BEGIN DATASET RECORDS

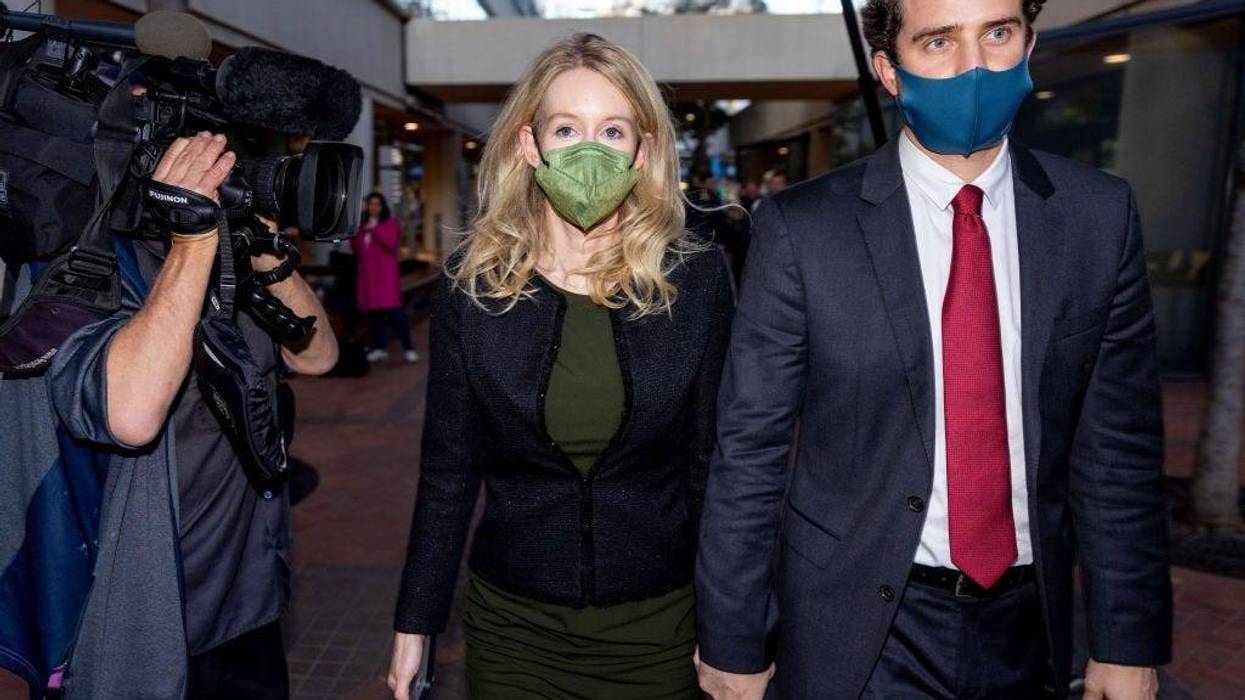 Theranos founder and former CEO Elizabeth Holmes along with her partner Billy Evans (R) leave the Robert F. Peckham Federal Building on November 23, 2021 in San Jose, California.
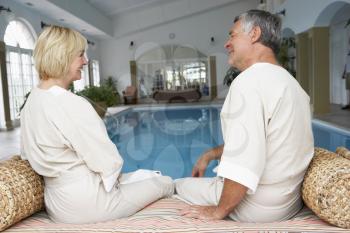 Royalty Free Photo of a Couple By a Swimming Pool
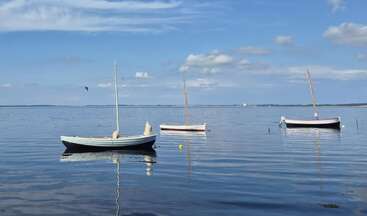 Three small boats float peacefully on calm, reflective water under a blue sky with scattered clouds. A bird soars above, adding life to the tranquil scene.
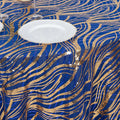Blue and gold sequin tablecloth with wavy patterns and a white plate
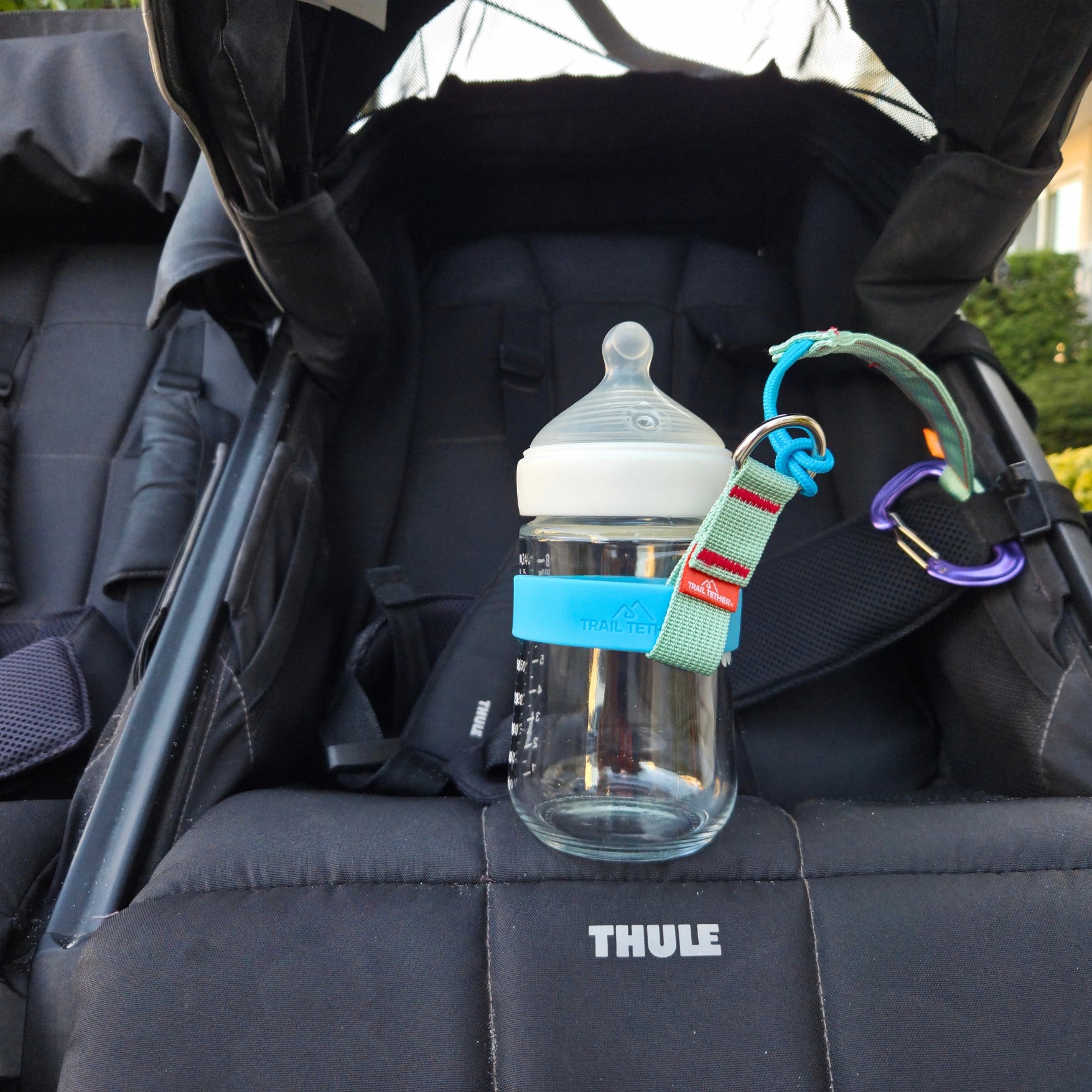A clear baby bottle with a white nipple is clipped to the padded seat of a black Thule stroller. The bottle has a light blue  chameleon ring band and a green-and-blue trail tether strap with a purple carabiner clipping the bottle to the straps, with no child in the seat, shown in an outdoor setting.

END DATASET RECORDS

Leaving all pictures aside, quote each record exactly.

 Theranos founder and former CEO Elizabeth Holmes along with her partner Billy Evans (R) leave the Robert F. Peckham Federal Building on November 23, 2021 in San Jose, California.
 Royalty Free Photo of a Couple By a Swimming Pool
 Three small boats float peacefully on calm, reflective water under a blue sky with scattered clouds. A bird soars above, adding life to the tranquil scene.
Blue and gold sequin tablecloth with wavy patterns and a white plate
A clear baby bottle with a white nipple is clipped to the padded seat of a black Thule stroller. The bottle has a light blue  chameleon ring band and a green-and-blue trail tether strap with a purple carabiner clipping the bottle to the straps, with no child in the seat, shown in an outdoor setting.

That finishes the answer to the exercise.